### SUPPLIED DATA
<<<<
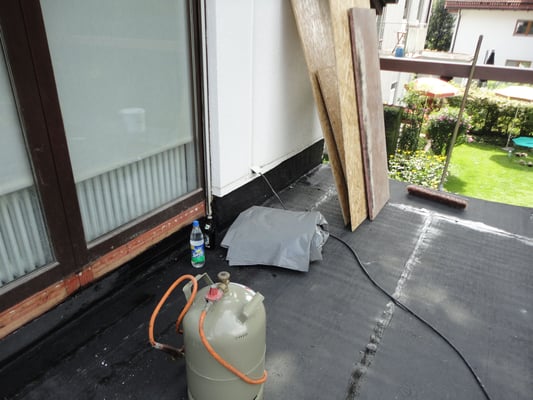 Terrassenabdichtung mit PYE PV5 Bitumen Schweißbahnen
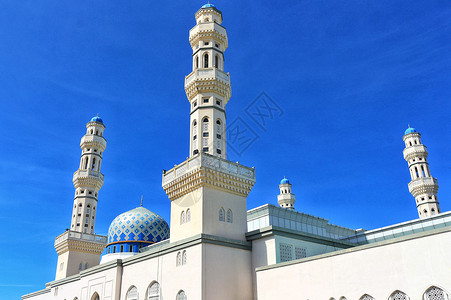 马来西亚蓝天下的亚庇水上清真寺背景图片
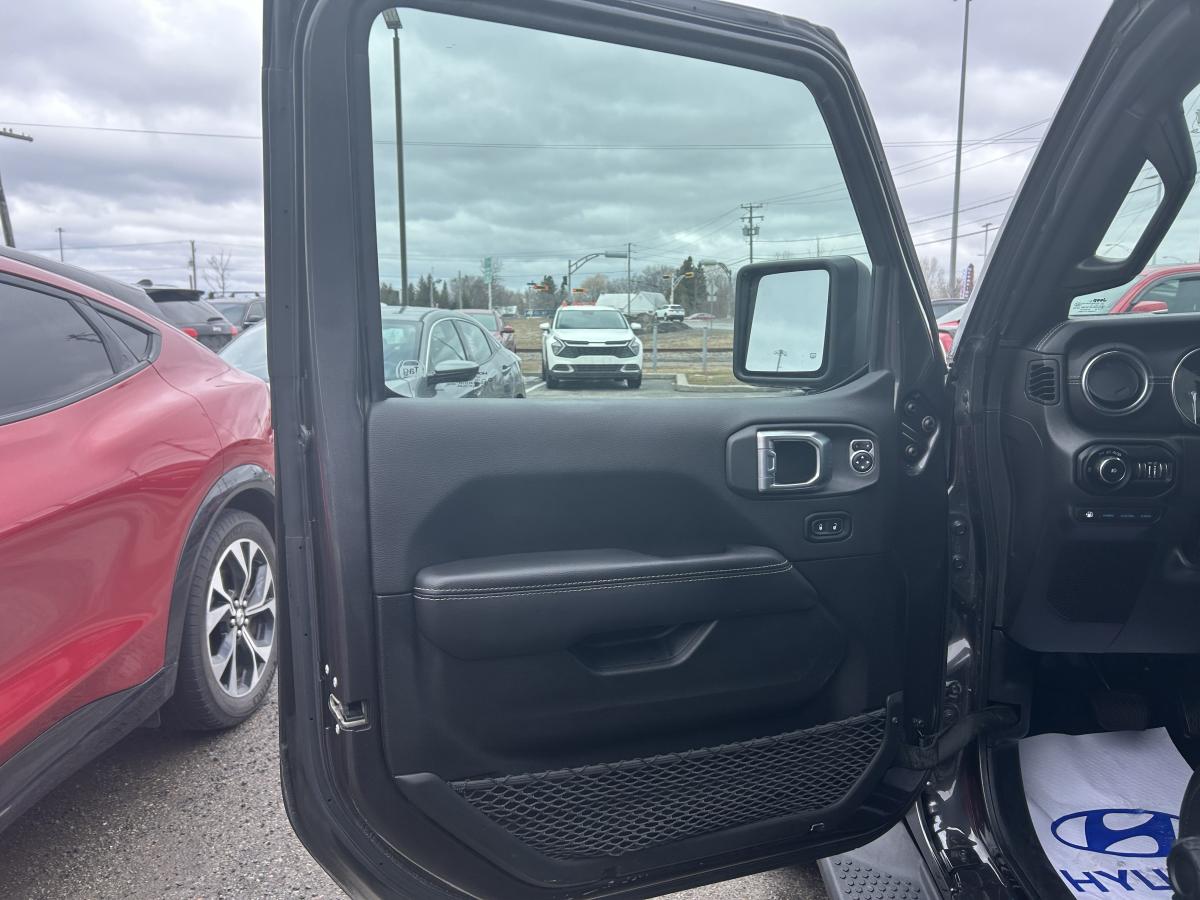 2021 Jeep Wrangler 4xe - Image 12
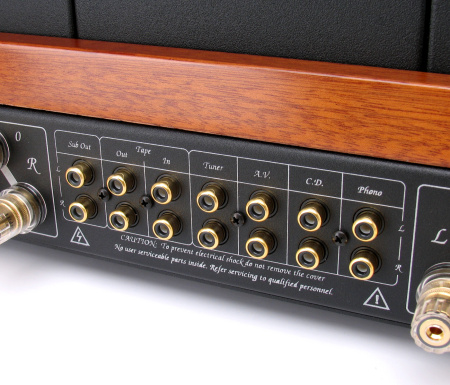 Unison Research Sinfonia mahogany_3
>>>>
### THE PROBLEM
Copy the whole of the material above exactly, but not its images.

### TASK SOLUTION
 Terrassenabdichtung mit PYE PV5 Bitumen Schweißbahnen
 马来西亚蓝天下的亚庇水上清真寺背景图片
 2021 Jeep Wrangler 4xe - Image 12
 Unison Research Sinfonia mahogany_3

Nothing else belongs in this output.